Rajan Priyanka, Zollo Robert, Guo Yanqi, Alruwaili Mohammed, Zonneville Justin, Lieberman Mackenzie, Morreale Brian, James Caitlin, Long Mark, Olejniczak Scott H, Barbi Joseph, Abrams Scott I, Bakin Andrei V
bioRxiv. 2025 May 10:2025.05.08.652949. doi: 10.1101/2025.05.08.652949.
Metastatic breast cancer (MBC) is a life-threatening disease with limited therapeutic options. The immune suppressive tumor microenvironment (TME) limits the potency of the antitumor immune response and facilitates disease progression and metastasis. Our current study demonstrates that p38α is a druggable target in the TME that regulates the outcome of the immune-tumor interaction. The study revealed that systemic blockade of p38α reduces metastasis, and this anti-metastatic response is negated by depletion of CD8 T cells. Single-cell transcriptomic analysis of the immune-TME showed that pharmacological p38 inhibition (p38i) or tumor-specific inactivation of p38α by CRISPR/Cas9 (p38KO) resulted in a less exhausted and more activated CD8 T cell phenotype. Immunophenotyping analyses demonstrated that p38 blockade reduced the expression of multiple inhibitory receptors on CD8 T cells (i.e., PD-1, LAG-3, CTLA-4), indicating a reversal of immune exhaustion and enhanced immune activation systemically and in the TME. In contrast, p38 blockade did not exhibit inhibitory effects on T cells in proliferation assays and did not affect the proportion of regulatory T cells . The major negative impact of p38 blockade was on the myeloid populations, such as myeloid-derived suppressor cells (MDSCs) and tumor-associated macrophages (TAMs). Further, tumor p38α activity was required for the expression of cytokines/chemokines and tumor-derived exosomes with high chemotactic capacity for myeloid cells. Altogether, this study highlights a previously unrecognized p38α-driven pathway that promotes an immune suppressive TME and metastasis, and that therapeutic blockade of p38α has important implications for improving antitumor immunity and patient outcomes.
This study highlights a previously unrecognized p38α-driven tumor pathway that promotes an immune suppressive microenvironment and metastasis, and that therapeutic blockade of p38α has important implications for improving antitumor immunity and patient outcomes.

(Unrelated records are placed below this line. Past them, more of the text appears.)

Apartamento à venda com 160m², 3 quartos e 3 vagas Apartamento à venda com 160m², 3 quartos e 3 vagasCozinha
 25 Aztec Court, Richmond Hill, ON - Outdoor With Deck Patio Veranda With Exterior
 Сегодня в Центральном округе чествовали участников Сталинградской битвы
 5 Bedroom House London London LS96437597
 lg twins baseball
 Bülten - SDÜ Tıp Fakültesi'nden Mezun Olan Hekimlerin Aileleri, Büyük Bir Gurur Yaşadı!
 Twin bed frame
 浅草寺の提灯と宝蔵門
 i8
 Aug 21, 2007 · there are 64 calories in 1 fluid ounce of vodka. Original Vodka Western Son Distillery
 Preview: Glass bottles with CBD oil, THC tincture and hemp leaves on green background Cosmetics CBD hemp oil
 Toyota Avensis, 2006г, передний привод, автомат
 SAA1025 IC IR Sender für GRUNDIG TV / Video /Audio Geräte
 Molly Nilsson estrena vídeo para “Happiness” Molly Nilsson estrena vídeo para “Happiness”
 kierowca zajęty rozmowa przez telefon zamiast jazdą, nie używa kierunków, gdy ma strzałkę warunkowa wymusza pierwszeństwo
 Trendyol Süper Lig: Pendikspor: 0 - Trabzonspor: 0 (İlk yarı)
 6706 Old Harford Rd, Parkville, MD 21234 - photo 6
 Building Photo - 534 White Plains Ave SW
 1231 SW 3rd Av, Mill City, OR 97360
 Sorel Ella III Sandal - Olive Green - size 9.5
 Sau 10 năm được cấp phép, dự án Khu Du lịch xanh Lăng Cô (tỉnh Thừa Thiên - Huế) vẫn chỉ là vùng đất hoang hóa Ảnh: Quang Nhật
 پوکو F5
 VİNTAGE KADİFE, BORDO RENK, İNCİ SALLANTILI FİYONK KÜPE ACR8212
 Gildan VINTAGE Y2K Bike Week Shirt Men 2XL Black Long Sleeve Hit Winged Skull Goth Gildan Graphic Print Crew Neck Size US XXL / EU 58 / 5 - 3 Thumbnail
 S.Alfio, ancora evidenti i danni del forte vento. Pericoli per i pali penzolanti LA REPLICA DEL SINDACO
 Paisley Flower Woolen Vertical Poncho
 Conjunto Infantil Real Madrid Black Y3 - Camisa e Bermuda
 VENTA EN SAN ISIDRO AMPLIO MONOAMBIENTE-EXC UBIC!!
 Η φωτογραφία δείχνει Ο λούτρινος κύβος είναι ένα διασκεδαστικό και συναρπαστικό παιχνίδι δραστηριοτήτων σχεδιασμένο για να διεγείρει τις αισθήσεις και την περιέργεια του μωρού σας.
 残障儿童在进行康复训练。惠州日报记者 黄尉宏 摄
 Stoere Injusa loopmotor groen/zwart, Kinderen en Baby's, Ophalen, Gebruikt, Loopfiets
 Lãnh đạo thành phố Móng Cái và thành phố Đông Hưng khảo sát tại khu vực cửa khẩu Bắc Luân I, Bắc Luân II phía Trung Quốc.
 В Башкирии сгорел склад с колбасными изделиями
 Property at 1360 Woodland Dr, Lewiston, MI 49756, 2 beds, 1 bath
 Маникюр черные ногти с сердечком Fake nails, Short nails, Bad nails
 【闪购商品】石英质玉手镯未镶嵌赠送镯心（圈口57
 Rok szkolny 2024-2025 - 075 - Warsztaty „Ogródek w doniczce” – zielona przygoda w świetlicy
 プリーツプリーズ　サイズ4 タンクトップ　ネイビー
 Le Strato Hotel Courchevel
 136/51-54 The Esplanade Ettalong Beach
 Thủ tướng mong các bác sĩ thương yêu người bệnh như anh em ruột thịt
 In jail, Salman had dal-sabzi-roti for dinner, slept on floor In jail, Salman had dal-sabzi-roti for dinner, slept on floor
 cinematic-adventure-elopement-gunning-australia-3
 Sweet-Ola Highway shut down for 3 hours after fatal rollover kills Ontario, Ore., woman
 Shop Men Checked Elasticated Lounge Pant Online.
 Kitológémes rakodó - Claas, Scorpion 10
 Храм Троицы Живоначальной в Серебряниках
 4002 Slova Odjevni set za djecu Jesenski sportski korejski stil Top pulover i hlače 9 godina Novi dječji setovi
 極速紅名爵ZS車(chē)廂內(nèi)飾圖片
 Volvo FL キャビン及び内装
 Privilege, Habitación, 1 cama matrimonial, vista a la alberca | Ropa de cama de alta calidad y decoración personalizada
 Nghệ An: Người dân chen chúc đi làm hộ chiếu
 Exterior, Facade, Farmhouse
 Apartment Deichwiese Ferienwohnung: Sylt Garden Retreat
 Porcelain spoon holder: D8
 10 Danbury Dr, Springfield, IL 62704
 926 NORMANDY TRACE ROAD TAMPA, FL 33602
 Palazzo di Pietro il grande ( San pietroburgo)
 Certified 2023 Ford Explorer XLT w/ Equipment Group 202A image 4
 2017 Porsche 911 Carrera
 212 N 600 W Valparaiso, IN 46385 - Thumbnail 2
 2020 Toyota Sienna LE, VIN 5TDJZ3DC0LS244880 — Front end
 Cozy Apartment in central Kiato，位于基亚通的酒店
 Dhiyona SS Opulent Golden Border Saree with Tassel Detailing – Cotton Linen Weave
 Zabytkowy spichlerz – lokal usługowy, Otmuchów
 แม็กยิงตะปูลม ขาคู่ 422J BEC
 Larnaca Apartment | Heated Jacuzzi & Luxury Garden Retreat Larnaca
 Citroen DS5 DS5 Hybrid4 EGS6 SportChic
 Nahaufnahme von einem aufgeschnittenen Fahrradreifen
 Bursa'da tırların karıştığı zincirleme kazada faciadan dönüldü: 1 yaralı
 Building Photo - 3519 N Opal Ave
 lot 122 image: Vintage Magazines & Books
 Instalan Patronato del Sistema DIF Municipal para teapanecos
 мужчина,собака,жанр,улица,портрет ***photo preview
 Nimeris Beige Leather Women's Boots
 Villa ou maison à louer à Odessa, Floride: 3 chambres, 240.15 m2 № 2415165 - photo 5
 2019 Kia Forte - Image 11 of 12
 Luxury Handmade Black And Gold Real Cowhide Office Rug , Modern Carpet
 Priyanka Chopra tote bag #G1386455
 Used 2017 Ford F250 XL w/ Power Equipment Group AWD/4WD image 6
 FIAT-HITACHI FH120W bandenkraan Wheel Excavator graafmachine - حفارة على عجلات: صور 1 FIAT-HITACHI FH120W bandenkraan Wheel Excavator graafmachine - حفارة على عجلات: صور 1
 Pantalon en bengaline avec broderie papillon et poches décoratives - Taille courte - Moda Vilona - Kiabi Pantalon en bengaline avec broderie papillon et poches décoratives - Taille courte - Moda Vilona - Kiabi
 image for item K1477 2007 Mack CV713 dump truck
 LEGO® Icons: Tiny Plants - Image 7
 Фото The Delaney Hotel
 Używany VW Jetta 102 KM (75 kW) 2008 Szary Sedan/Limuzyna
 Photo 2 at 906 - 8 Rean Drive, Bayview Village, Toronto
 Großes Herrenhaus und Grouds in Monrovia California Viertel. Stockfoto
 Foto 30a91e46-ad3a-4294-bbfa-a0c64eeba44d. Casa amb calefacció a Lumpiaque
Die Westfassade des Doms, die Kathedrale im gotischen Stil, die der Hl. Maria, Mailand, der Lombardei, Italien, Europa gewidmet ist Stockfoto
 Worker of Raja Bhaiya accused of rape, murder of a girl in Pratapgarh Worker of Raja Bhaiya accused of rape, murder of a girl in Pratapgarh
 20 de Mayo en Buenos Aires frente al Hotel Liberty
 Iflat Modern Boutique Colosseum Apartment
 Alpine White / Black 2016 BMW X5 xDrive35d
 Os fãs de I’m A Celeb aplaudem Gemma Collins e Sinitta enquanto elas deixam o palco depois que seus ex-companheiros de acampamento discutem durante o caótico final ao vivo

转移性乳腺癌(MBC)是一种危及生命的疾病,治疗选择有限。免疫抑制性肿瘤微环境(TME)限制了抗肿瘤免疫反应的效力,并促进疾病进展和转移。我们目前的研究表明,p38α是TME中一个可药物靶向的靶点,它调节免疫-肿瘤相互作用的结果。该研究显示,p38α的全身阻断可减少转移,而这种抗转移反应会因CD8⁺ T细胞的耗竭而被消除。对免疫-TME的单细胞转录组分析表明,药理学上的p38抑制(p38i)或通过CRISPR/Cas9对p38α进行肿瘤特异性失活(p38KO)会导致CD8⁺ T细胞表型的耗竭减少且活化增加。免疫表型分析表明,p38阻断降低了CD8⁺ T细胞上多种抑制性受体的表达(即PD-1、LAG-3、CTLA-4),表明全身和TME中免疫耗竭的逆转以及免疫激活的增强。相比之下,p38阻断在增殖试验中对T细胞没有抑制作用,也不影响调节性T细胞的比例。p38阻断的主要负面影响在于髓系细胞群体,如髓系来源的抑制细胞(MDSCs)和肿瘤相关巨噬细胞(TAMs)。此外,肿瘤p38α活性对于具有高趋化能力的髓系细胞的细胞因子/趋化因子和肿瘤来源外泌体的表达是必需的。总之,本研究突出了一条先前未被认识的由p38α驱动的促进免疫抑制性TME和转移的途径,并且p38α的治疗性阻断对于改善抗肿瘤免疫和患者预后具有重要意义。
本研究突出了一条先前未被认识的由p38α驱动的促进免疫抑制性微环境和转移的肿瘤途径,并且p38α 的治疗性阻断对于改善抗肿瘤免疫和患者预后具有重要意义。